**SUPPLIED MATERIAL**.
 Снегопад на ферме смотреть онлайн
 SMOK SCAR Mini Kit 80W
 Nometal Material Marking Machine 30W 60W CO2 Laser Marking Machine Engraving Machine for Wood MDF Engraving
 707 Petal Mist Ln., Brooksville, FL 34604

* * *

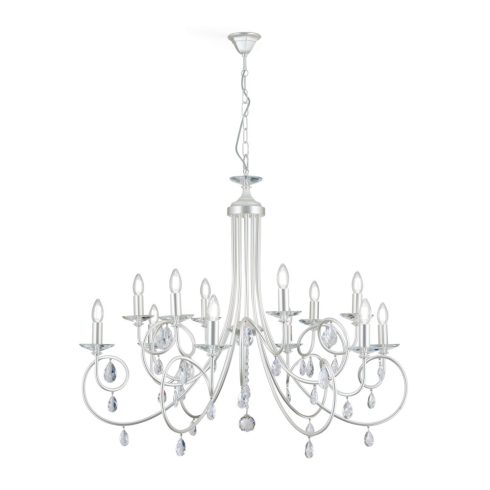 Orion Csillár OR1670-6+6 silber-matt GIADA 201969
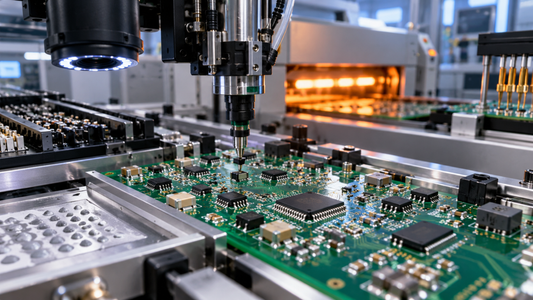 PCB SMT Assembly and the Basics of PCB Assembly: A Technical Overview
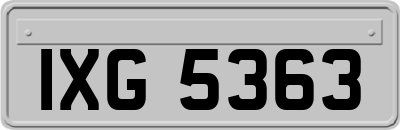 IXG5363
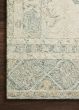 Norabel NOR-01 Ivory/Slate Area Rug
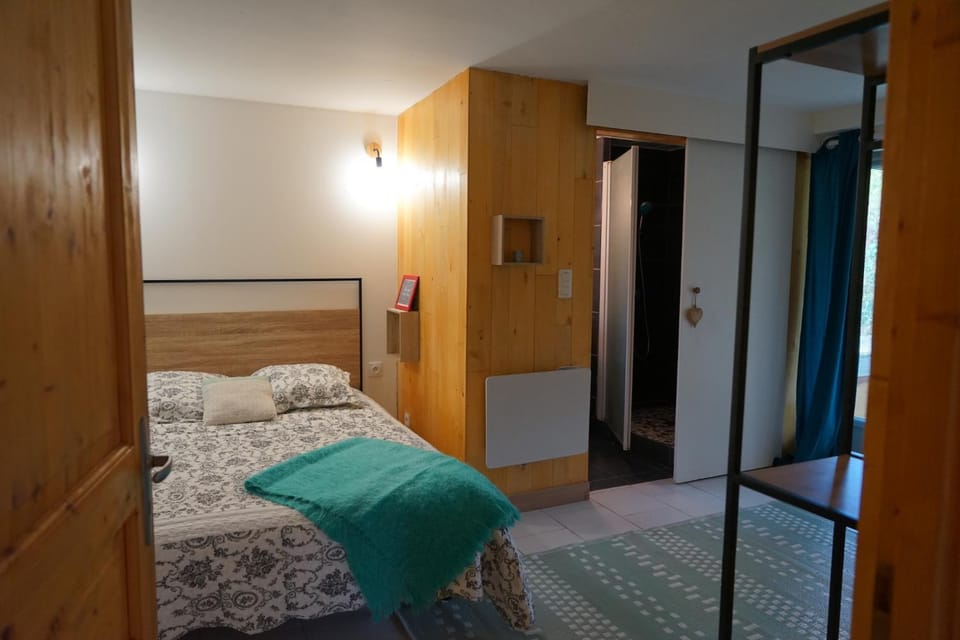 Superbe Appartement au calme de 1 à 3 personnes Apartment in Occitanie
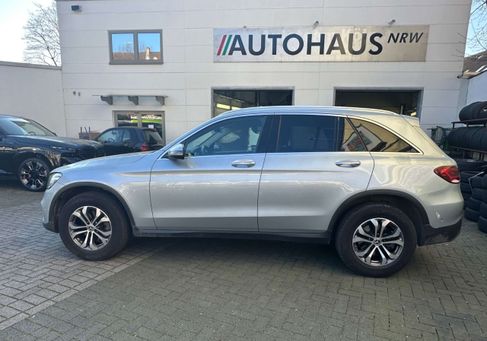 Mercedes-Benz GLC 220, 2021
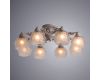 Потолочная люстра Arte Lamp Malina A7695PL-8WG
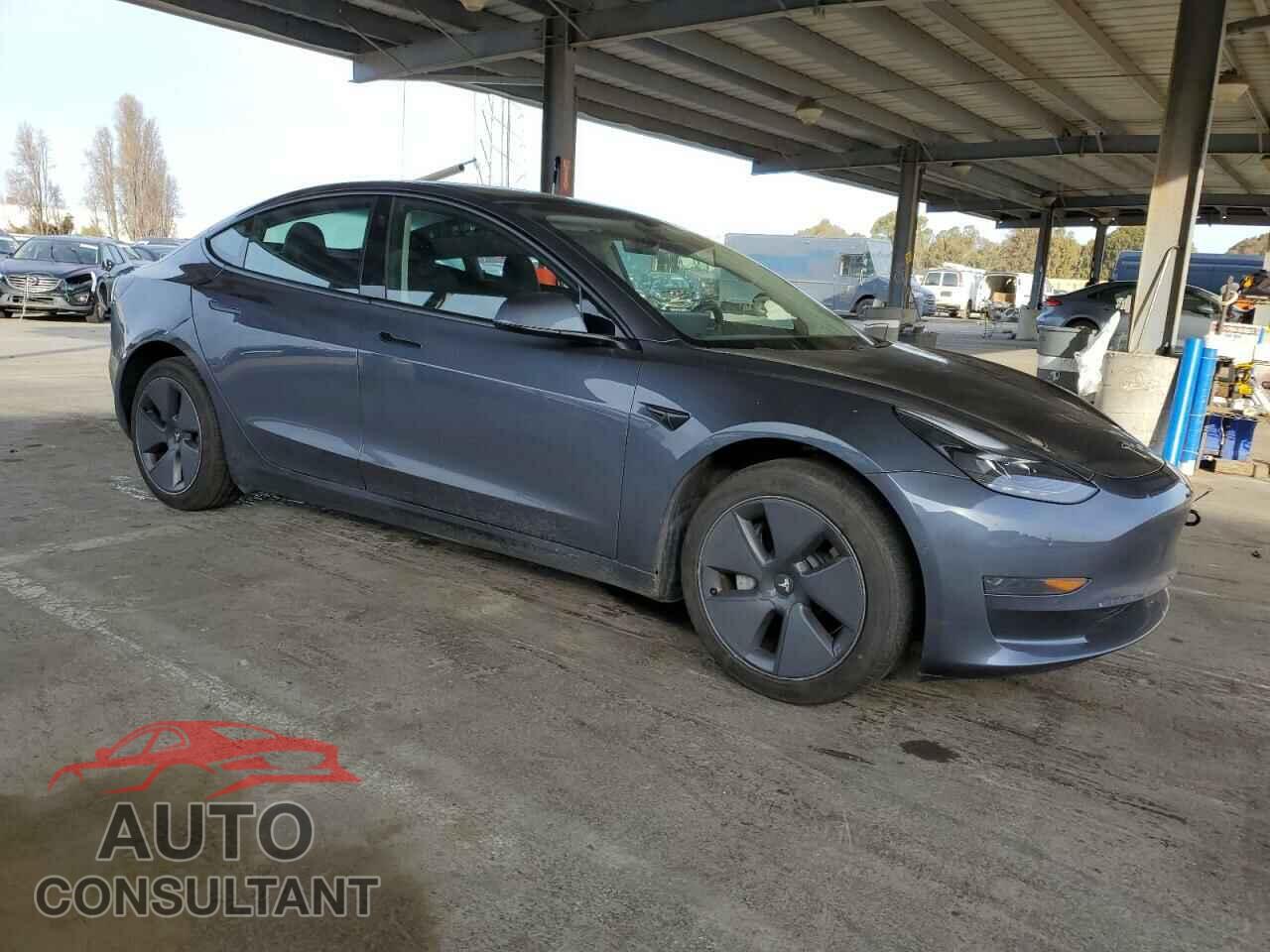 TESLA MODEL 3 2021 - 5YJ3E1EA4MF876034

...

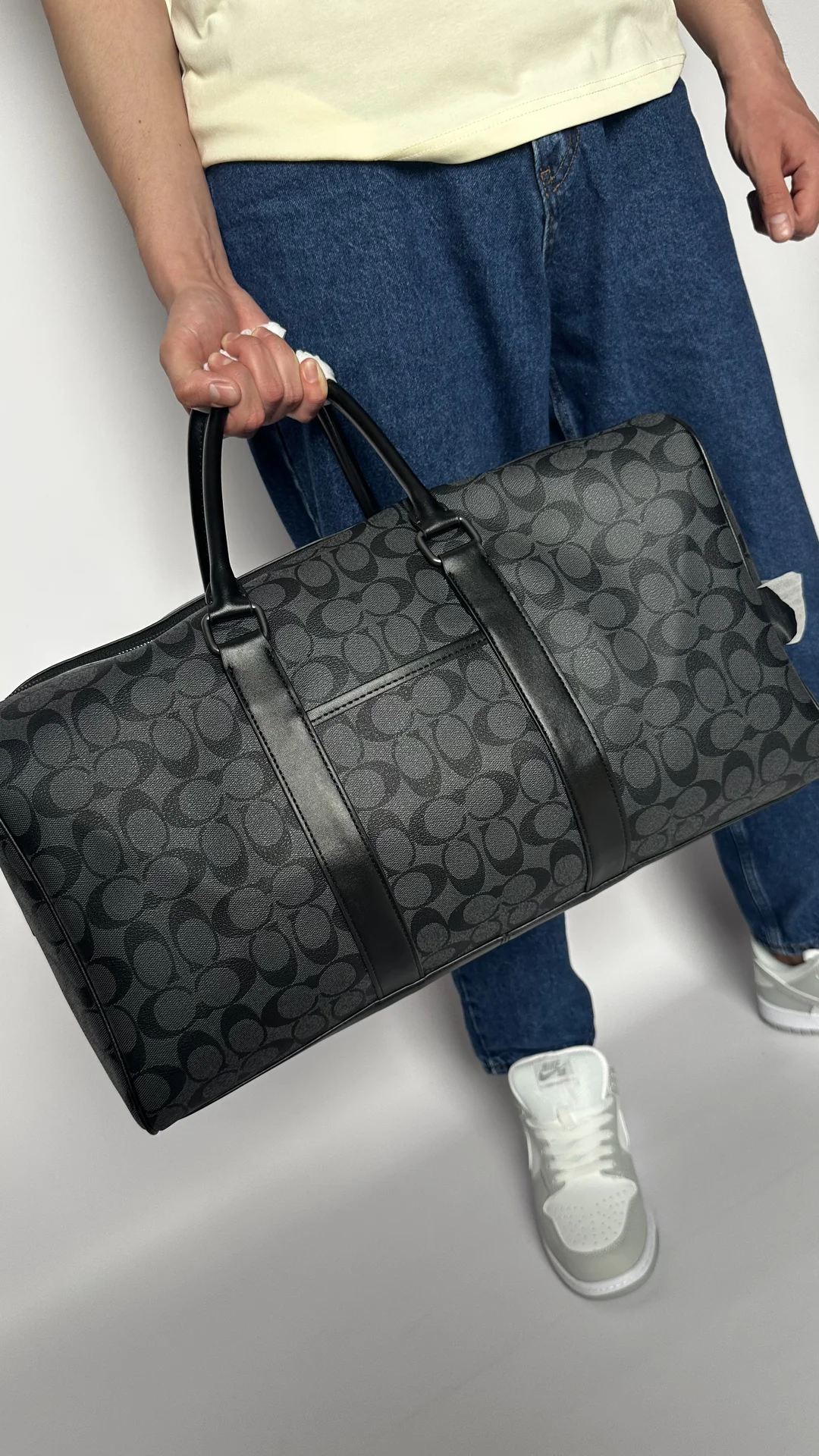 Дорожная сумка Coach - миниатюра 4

**TASK STATEMENT**. Look above for the line holding "Снегопад на ферме смотреть онлайн". Print it and every line after it, exactly, through the line holding "707 Petal Mist Ln., Brooksville, FL 34604".

**EXPECTED ANSWER**.
 Снегопад на ферме смотреть онлайн
 SMOK SCAR Mini Kit 80W
 Nometal Material Marking Machine 30W 60W CO2 Laser Marking Machine Engraving Machine for Wood MDF Engraving
 707 Petal Mist Ln., Brooksville, FL 34604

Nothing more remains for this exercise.